Please add this badge to the README of your package repository:
[![Status at rOpenSci Software Peer Review](https://badges.ropensci.org/532_status.svg)](https://github.com/ropensci/software-review/issues/532)
Furthermore, if your package does not have a NEWS.md file yet, please create one to capture the changes made during the review process. See https://devguide.ropensci.org/releasing.html#news
Done! Looking forward to the review.
Hi @tdhock,
Thank you for acting as the editor of this submission. I have recently added a paper.md file to the repository in hopes that aorsf
can be eligible for an expedited review at the Journal of Open Source Software after the ropensci review. Can you let me know if any other files are needed or if other actions are needed from me to qualify for an expedited review at JOSS? Thank you!
I'm not sure about the expedited JOSS review.

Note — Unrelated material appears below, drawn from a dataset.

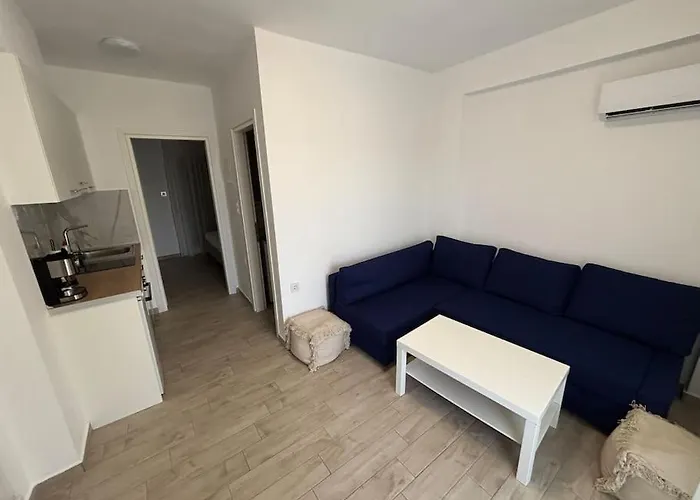 Private Danai 14 4 Ofrínion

You may ask @noamross or @mpadge
@bcjaeger The paper.md
file should be sufficient. For JOSS submission, after RO review is complete you should submit to JOSS and link to this review thread in the pre-review JOSS thread. JOSS editors will review the paper.md and can opt to use RO's software reviews rather than finding additional reviewers.
Thanks, @noamross! That makes sense.
Hi @tdhock, I see we are still seeking reviewers. Is there anything I can do to help find reviewers for this submission?

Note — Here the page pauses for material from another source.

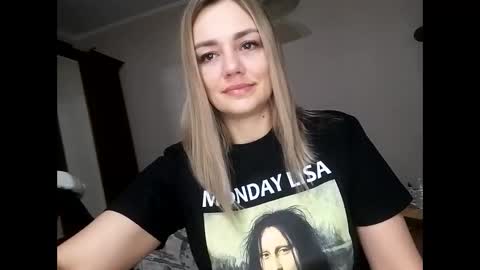 KrissSexi online show from 3, 2, 2025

I have asked a few people to review but no one has agreed yet, do you have any idea for potential reviewers to ask?
Thanks! Assuming folks in the ROpenSci circle have been asked already, I'll offer some names (username) that may not have been asked yet but would be good reviewers for aorsf
.
Terry Therneau (therneau) would be a good reviewer - a lot of the C code in aorsf is based on his survival
package coxph
routine.
Torsten Hothorn (thothorn) would also be a good reviewer - Torsten is the author of the party
package and I'd like aorsf
to look like the party
package in 10 years.
Hannah Frick (hfrick), Emil Hvitfeldt (EmilHvitfeldt), Max Kuhn (topepo), Davis Vaughan (DavisVaughan), and Julia Silge
(juliasilge) would all be good reviewers - they are all developers/contributors to the censored
package, and I'd like aorsf
to contribute to that package.
Raphael Sonabend (RaphaelS1), Andreas Bender (adibender), Michel Lang (mllg), and Patrick Schratz (pat-s) would all be good reviewers - they are developers/contributors to the mlr3-proba
package, and I'd like aorsf to contribute to that package.
Hi @tdhock, I am thinking about reaching out to the folks I listed in my last comment. Before I try to reach them, I was wondering if you had already contacted them? If you have, I will not bother them again with a review request.
Hi @bcjaeger actually I have not asked any of those reviewers yet, sorry! I just got back to the office from traveling. Yes that would be helpful if you could ask them to review. (although it is suggested to not use more than one of them, https://devguide.ropensci.org/editorguide.html?q=reviewers#where-to-look-for-reviewers)
Hi @tdhock, thanks! I will reach out to the folks in my earlier post and let you know if anyone is willing to review aorsf
. Hope you had a great trip!
@ropensci-review-bot add @chjackson to reviewers
@chjackson added to the reviewers list. Review due date is 2022-07-29. Thanks @chjackson for accepting to review! Please refer to our reviewer guide.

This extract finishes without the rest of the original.